PROVISIONS OF THE COMPANIES ACT (SECTION 55)
A company limited by shares if so authorised by its Articles, may issue preference shares which at the option of the company, are liable to be redeemed within a period, normally not exceeding 20 years from the date of their issue. It should be noted that:
(a) no shares can be redeemed except out of profit of the company which would otherwise be available for dividend or out of proceeds of fresh issue of shares made for the purpose of redemption;
(b) no such shares can be redeemed unless they are fully paid;
(c) (i) in case of such class of companies, as may be prescribed and whose financial statement comply with the accounting standards prescribed for such class of companies under Section 133, the premium, if any, payable on redemption shall be provided for out of the profits of the company, before the shares are redeemed:
Provided also that premium, if any, payable on redemption of any preference shares issued on or before the commencement of this Act by any such company shall be provided for out of the profits of the company or out of the company’s securities premium account, before such shares are redeemed.
(ii) in case of other companies (not falling under (i) above), the premium, if any payable on redemption shall be provided for out of the profits of the company or out of the company’s securities premium account, before such shares are redeemed.
(d) where any such shares are proposed to be redeemed out of the profits of the company, there shall, out of profits which would otherwise have been available for dividends, be transferred to a reserve account to be called Capital Redemption Reserve Account, a sum equal to the nominal amount of the shares redeemed; and the provisions of the Act relating to the reduction of the share capital of a company shall, except as provided in the Section, apply as if the Capital Redemption Reserve (CRR) Account were the paid-up share capital of the company.

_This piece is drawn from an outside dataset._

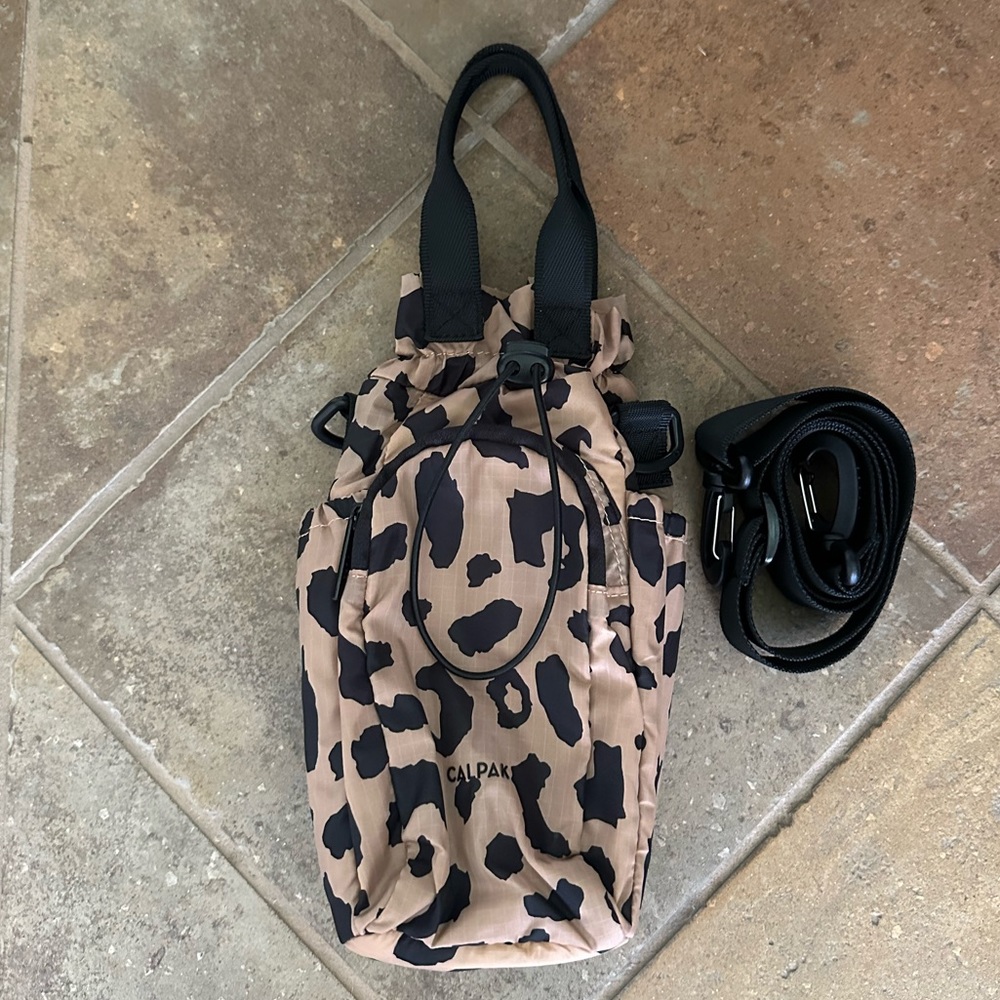 Calpak Water Bottle Holder- Cheetah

The utilisation of CRR Account is further restricted to issuance of fully paid-up bonus shares only.
From the legal provision outlined above, it is apparent that on the redemption of redeemable preference shares out of accumulated profits it will be necessary to transfer to the Capital Redemption Reserve Account an amount equal to the amount repaid on the redemption of preference shares on account of face value less proceeds of a fresh issue of capital made for the purpose of redemption. The object is that with the repayment of redeemable preference shares, the security for creditors/ bankers, etc. should not be reduced. At times, a part of the preference share capital may be redeemed out of accumulated profits and the balance out of a fresh issue.